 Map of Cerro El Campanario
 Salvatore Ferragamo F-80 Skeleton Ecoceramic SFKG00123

* * *

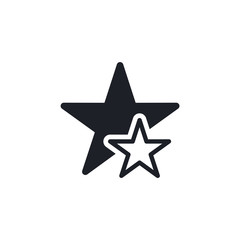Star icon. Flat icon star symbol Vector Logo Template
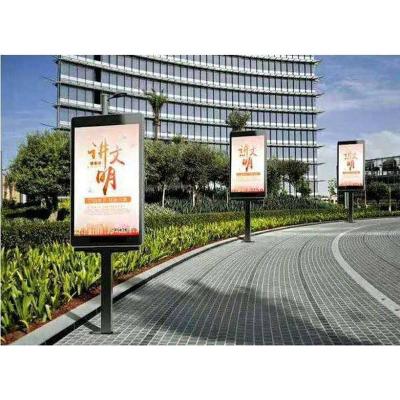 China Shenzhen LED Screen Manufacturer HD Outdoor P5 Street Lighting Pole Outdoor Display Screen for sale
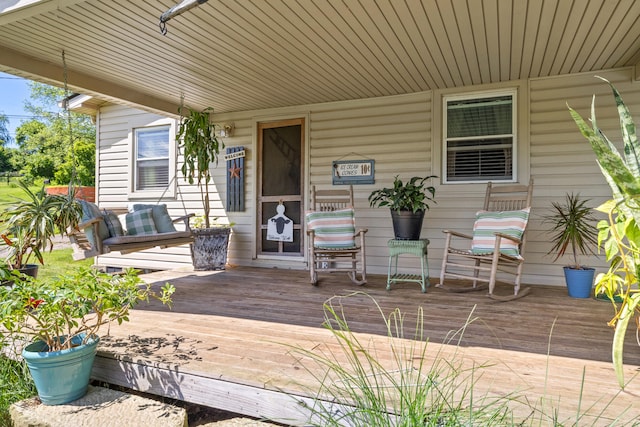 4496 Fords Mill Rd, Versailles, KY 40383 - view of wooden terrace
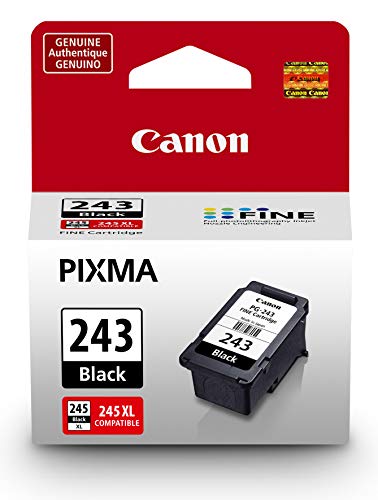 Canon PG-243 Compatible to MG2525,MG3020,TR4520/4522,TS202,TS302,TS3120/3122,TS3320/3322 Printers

--

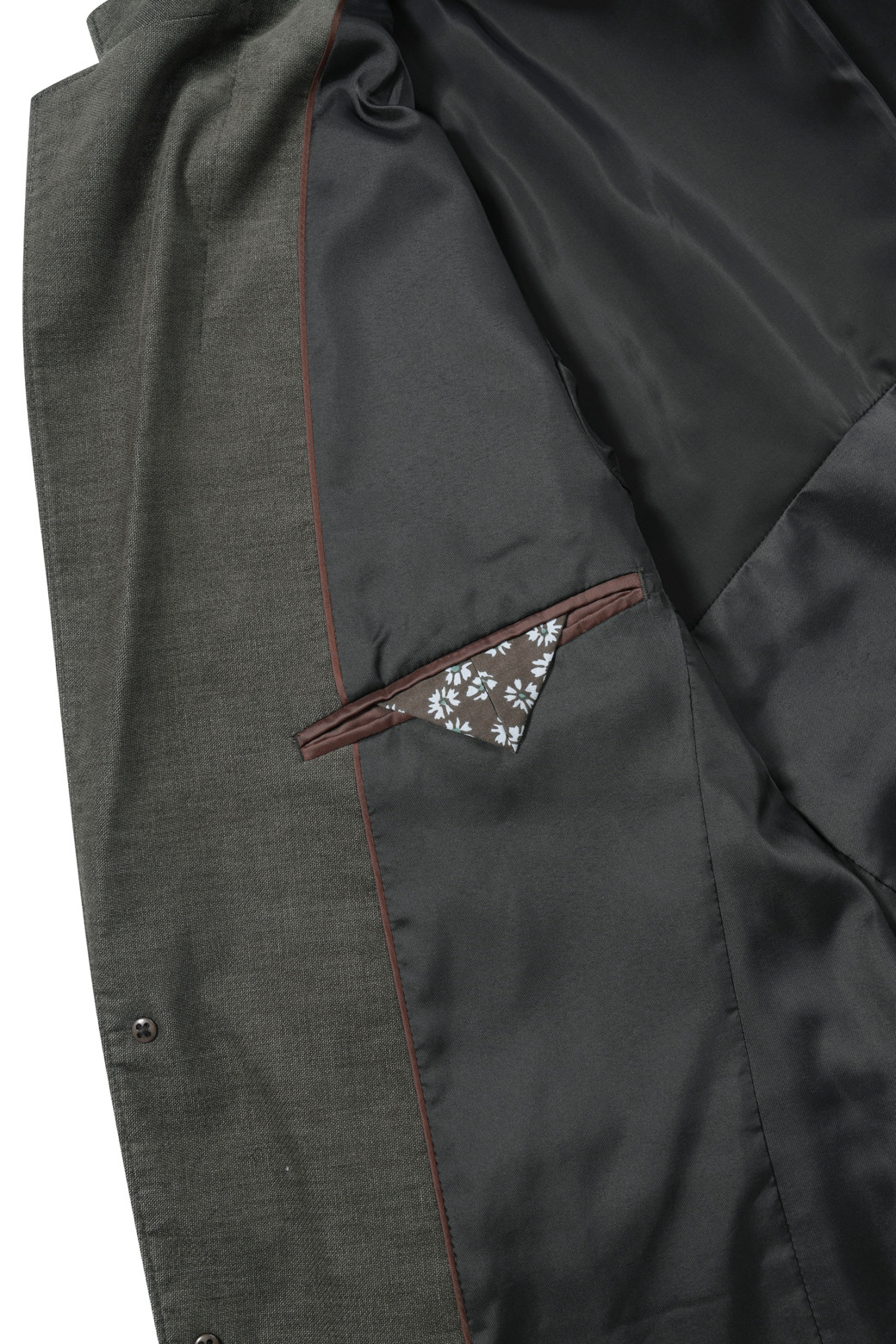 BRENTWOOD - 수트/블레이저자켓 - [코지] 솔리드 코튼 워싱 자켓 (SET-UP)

▸ **What is required**: Transcribe only the lines above that start at the line containing "China Shenzhen LED" and end at the line containing "Canon PG-243 Compatible". Omit pictures.

▸ **Answer section**:
 China Shenzhen LED Screen Manufacturer HD Outdoor P5 Street Lighting Pole Outdoor Display Screen for sale
 4496 Fords Mill Rd, Versailles, KY 40383 - view of wooden terrace
 Canon PG-243 Compatible to MG2525,MG3020,TR4520/4522,TS202,TS302,TS3120/3122,TS3320/3322 Printers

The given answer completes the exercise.